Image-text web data

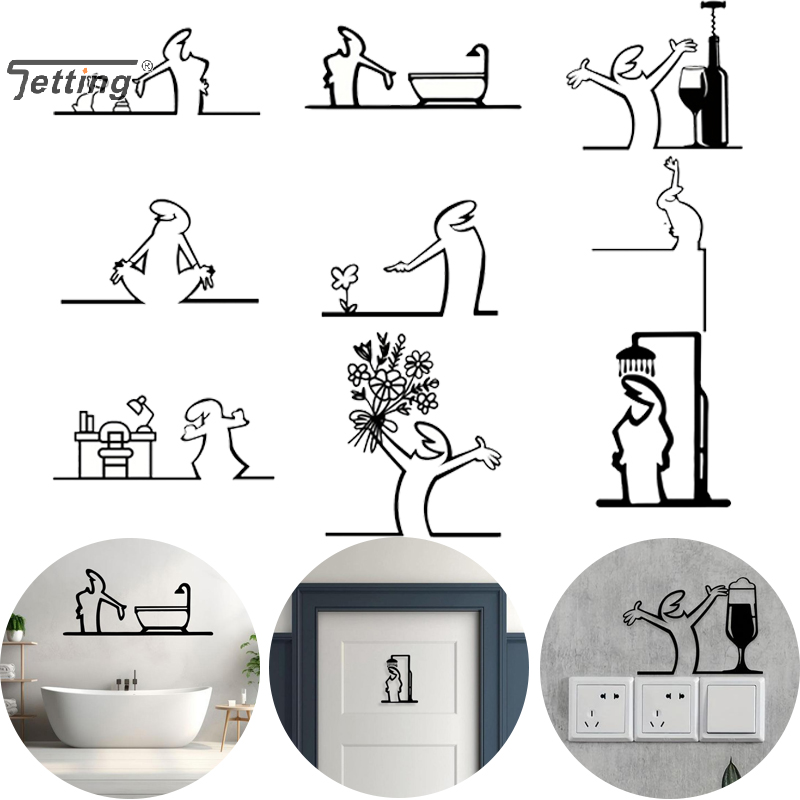 Jet Home Bathroom - Figura de chuveiro preta decoração de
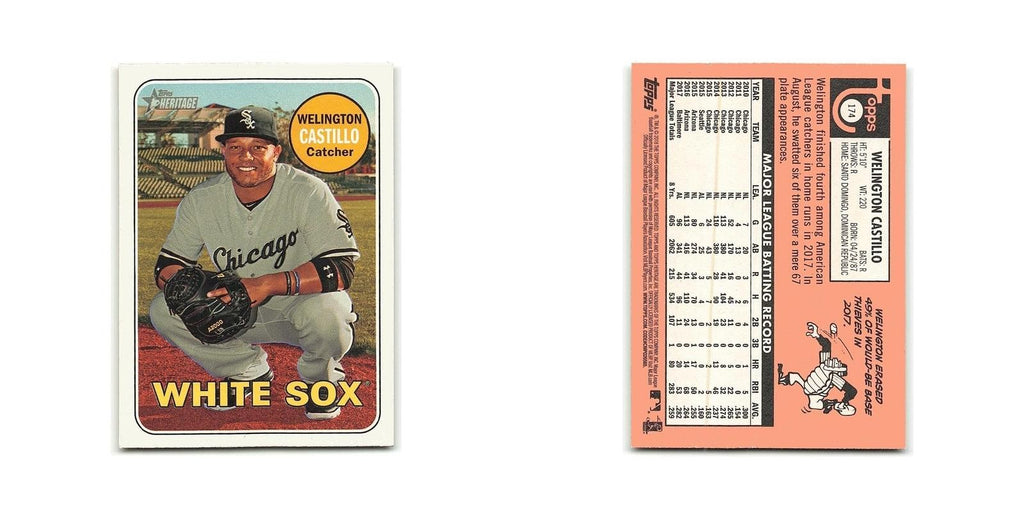 Welington Castillo 2018 Topps Heritage #174 Chicago White Sox Baseball Card NM
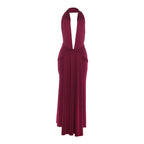 Satin Halter Deep V-Neck Cut Out Knot Front Double High Split Maxi Dress
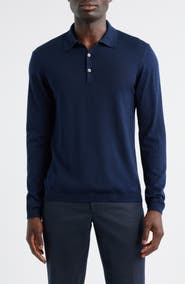 Jack Victor Long Sleeve Wool & Silk Polo Sweater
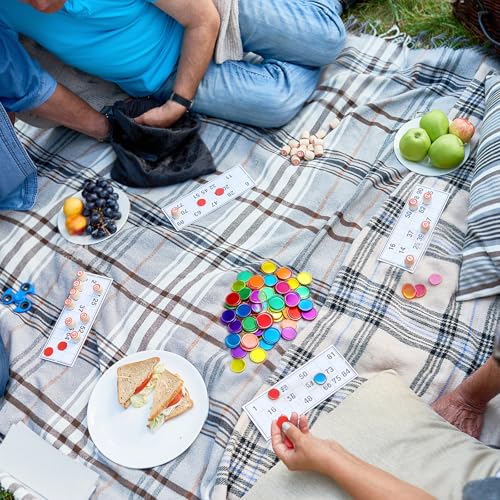 xolear 200 Stück Magnetische Bingo Chips Set, Bingo Spiel mit 2 Stück Magnetische Stäbe Gehirnleistung Steigern Desktop Magnet Spiel, Farbe Magnet Chips, Lernspielzeug für Familiares Grupales Eventos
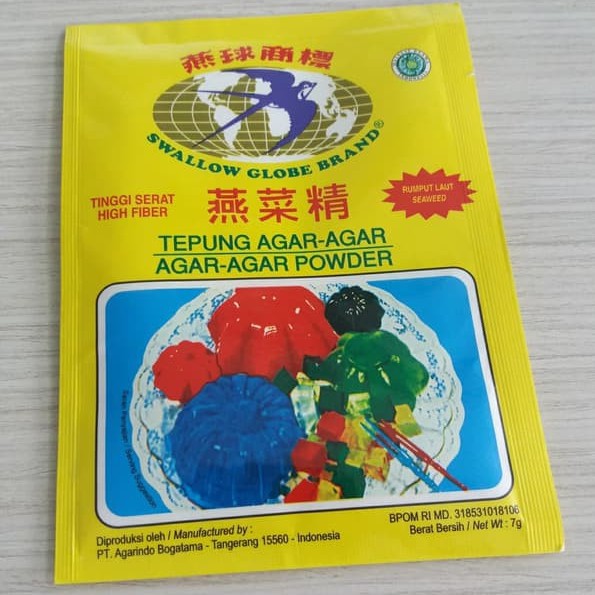 Agar Agar Swallow Globe Warna Putih  Merah Hijau Coklat dan Agar Agar Bola Dunia Plain 7 Gram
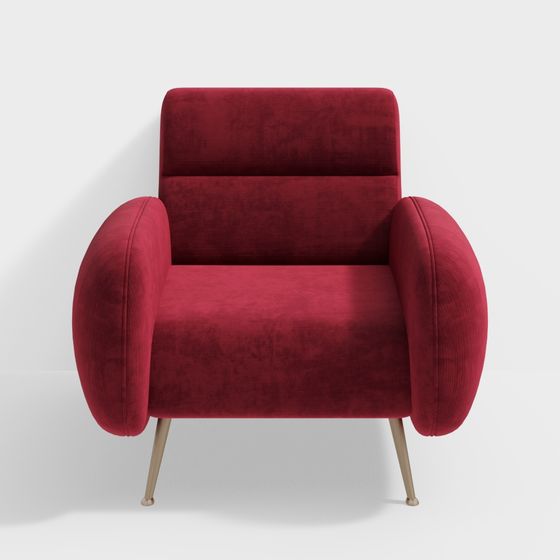 Luxury Red Velvet Armchair 3D model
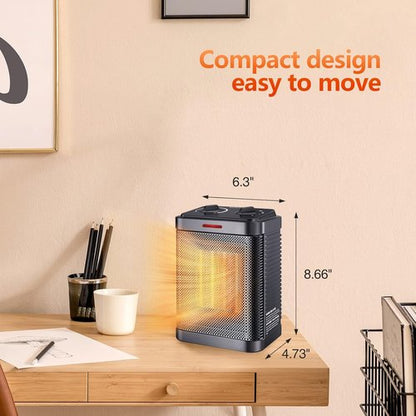 **Regine Switzerland 1500W PTC Ceramic Space Heater - Rapid Heating, 3 Modes, Safety Features | Ideal for Bedroom & Office**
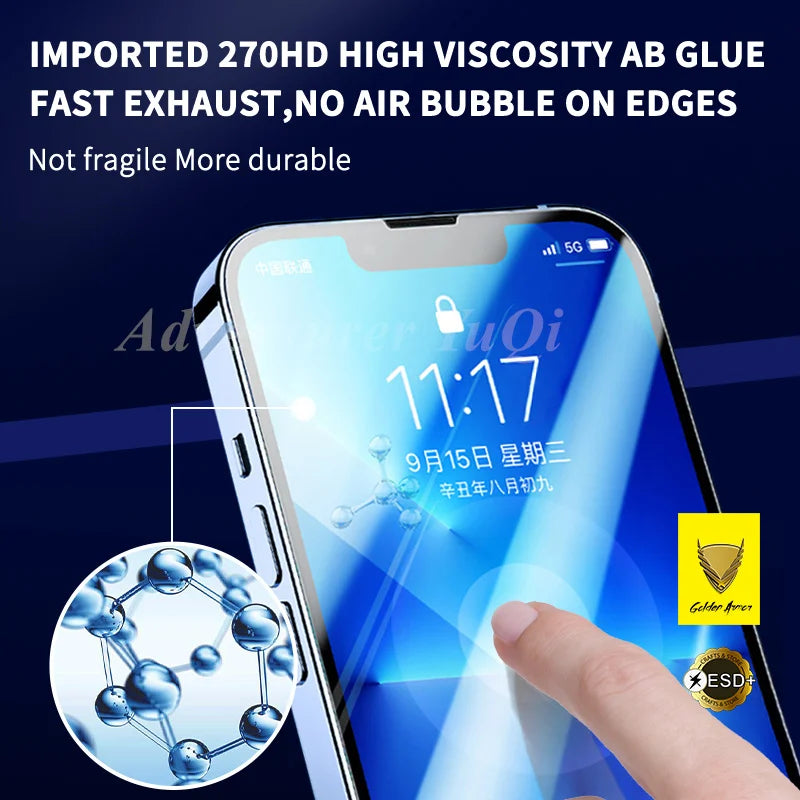 2 pçs vidro temperado premium para iphone 17 16 15 14 13 12 11 16e protetor de tela pro max cola completa x xr xs 7 8 plus armadura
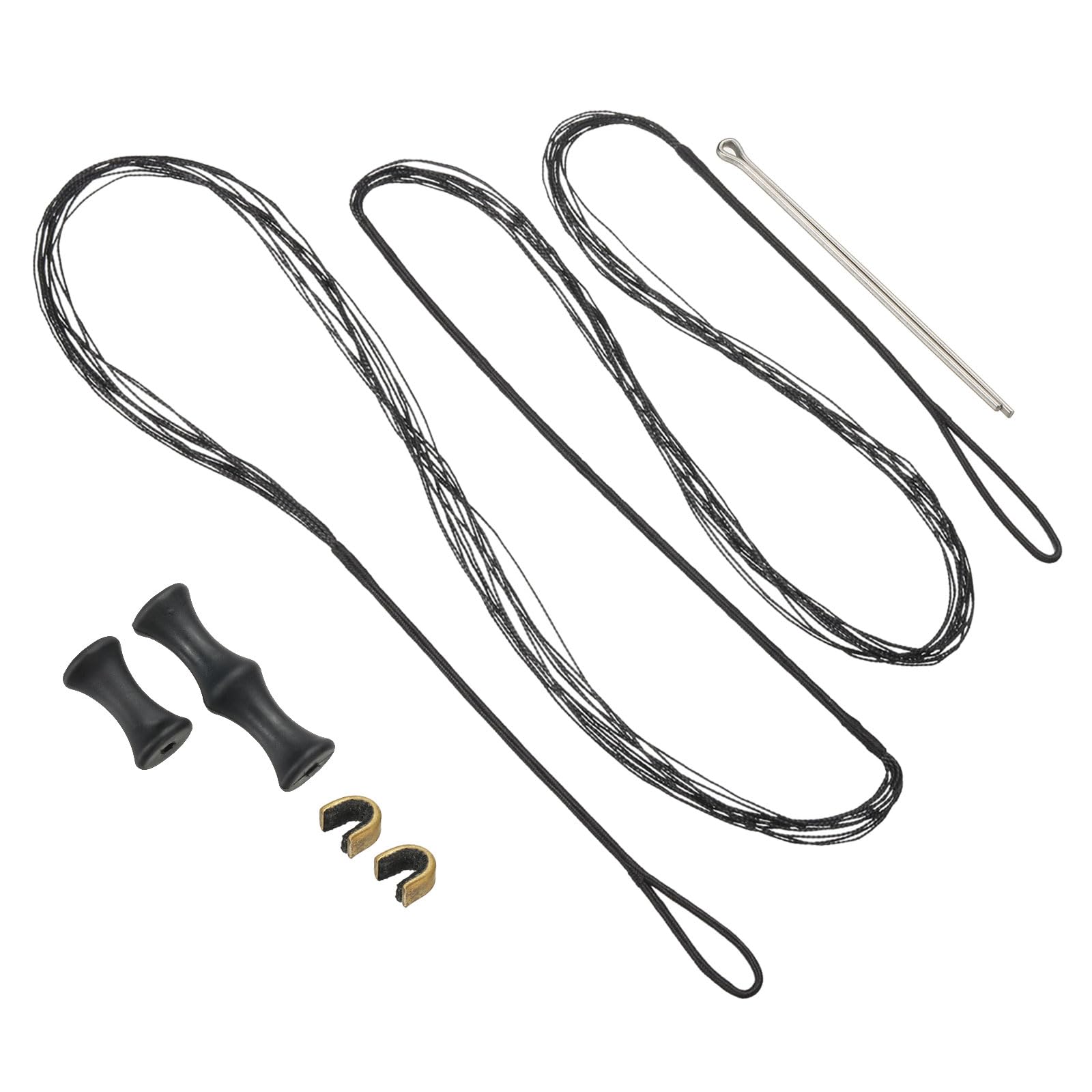 PATIKIL 53.5 Inch Bow String Replacement, Archery Bowstrings Accessories 12 Strands Bowstring with Finger Guard & 2 Brass Nock Points for Traditional Recurve Longbow, Black
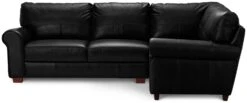 Habitat Salisbury Leather Left Hand Corner Sofa - Black -Home Sales Store 1954526 R Z002A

→ PROBLEM TO WORK ON
An exact transcription is needed of the lines from the one with "Satin Halter Deep" to the one with "Agar Agar Swallow" above, both ends included, with pictures left out.

→ EXPECTED ANSWER
 Satin Halter Deep V-Neck Cut Out Knot Front Double High Split Maxi Dress
 Jack Victor Long Sleeve Wool & Silk Polo Sweater
 xolear 200 Stück Magnetische Bingo Chips Set, Bingo Spiel mit 2 Stück Magnetische Stäbe Gehirnleistung Steigern Desktop Magnet Spiel, Farbe Magnet Chips, Lernspielzeug für Familiares Grupales Eventos
 Agar Agar Swallow Globe Warna Putih  Merah Hijau Coklat dan Agar Agar Bola Dunia Plain 7 Gram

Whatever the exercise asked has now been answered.